• **THE DATA**:

+ + + +

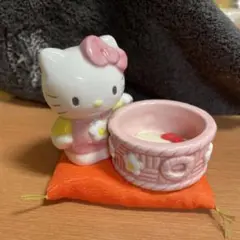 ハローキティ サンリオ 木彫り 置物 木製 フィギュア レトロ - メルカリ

+ + + +

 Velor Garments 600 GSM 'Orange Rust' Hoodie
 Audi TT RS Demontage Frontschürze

+ + + +

• **YOUR GOAL**:
From the line holding "Velor Garments 600 GSM 'Orange Rust' Hoodie" to the line holding "Audi TT RS Demontage Frontschürze", inclusive, restate each line above exactly as written.

• **RESPONSE**:
 Velor Garments 600 GSM 'Orange Rust' Hoodie
 Audi TT RS Demontage Frontschürze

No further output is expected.